Buck,
The rebarrel shouldn't appreciably affect the value of the gun in the condition you describe, and you can certainly save the barrel to put back on the gun if you think otherwise. If you don't, and are willing to experiment, see if you can get the use of a borescope to check out the throat. If it's not destroyed, I would consider recrowning before I'd give up on it. If it is destroyed, you don't care if you make things worse, so trying a little light firelapping with 400 grit abrasive to clean the throat up and see if that smooths out. David Tubb claims he can double throat life that way with his kits, but you can roll your own.
I've twice had commercial production barrels, one from Remington in .222 and one from Savage in .308, that would consistently shoot under 3/8 moa (with tuned loads) as they came from the factory. So I'm not convinced you always get what you pay for in high end barrels. If you are competing in benchrest, and need to get your groups tighter than that, then more expensive barrels may have some appeal. Even those can be screwed up by poor chambering, though, so be sure you have a smith who cares about that part of the job and gets you a truly bore-axis concentric chamber and throat.
John Krieger has a note on his web site saying that, even though he is making 5R barrels in limited calibers, he can't detect any advantage. He's just responding to demand. I think that when 5R was selected for the M24 sniper system, that gave it a huge publicity advantage. (Maybe Boots Obermeyer (another barrel maker name for you) was consulted on that project; I don't know?)
I have to say that some of the barrel life reports on the M24 have been almost impossible to believe. Fellows getting 15,000 or even 20,000 rounds and still grouping 1/2 moa. Normal service rifle match life for a .308 barrel is about 3,000 rounds for chrome-moly steel, and 3500 for stainless. That includes almost 40%-50% of the rounds being shot rapid fire, which heats things up a lot more than sniper slow fire. Still, getting over 5,000 rounds is exceptional even without rapid fire.

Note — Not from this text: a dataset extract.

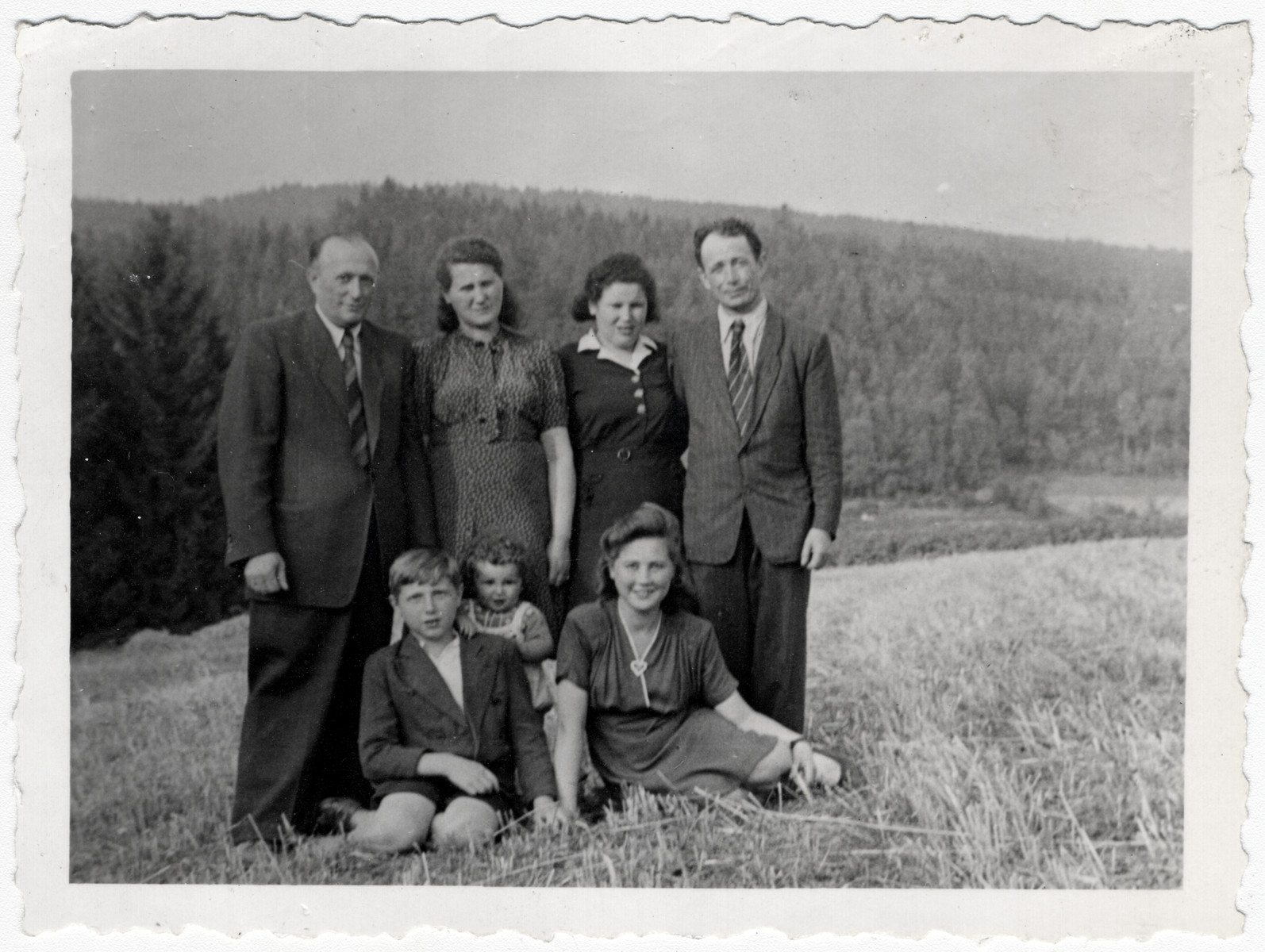 The Malach family poses with their friends and cousins, the Reichmans in Amberg.

Front row: Abraham Malach, Abraham Reichman and Bela Malach.  Standing: Mordka and Chana Malach and Gitl and Mordechai Reichman.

I have no idea what the 5R aspect has to do with that long barrel life, if anything, since I don't know what steel they are using or how it's treated. I do know from the one Gunsite class I took under sniper instructors, that standard sniper training includes cleaning every 10 rounds, which may affect life by removing carbon before it hardens (see post 25,
here). Lots of folks comment that many barrels are ruined by over-cleaning, and I've seen more than a few of those looking through racks of well-used service rifles, but I think that's mainly due to bad cleaning technique and equipment.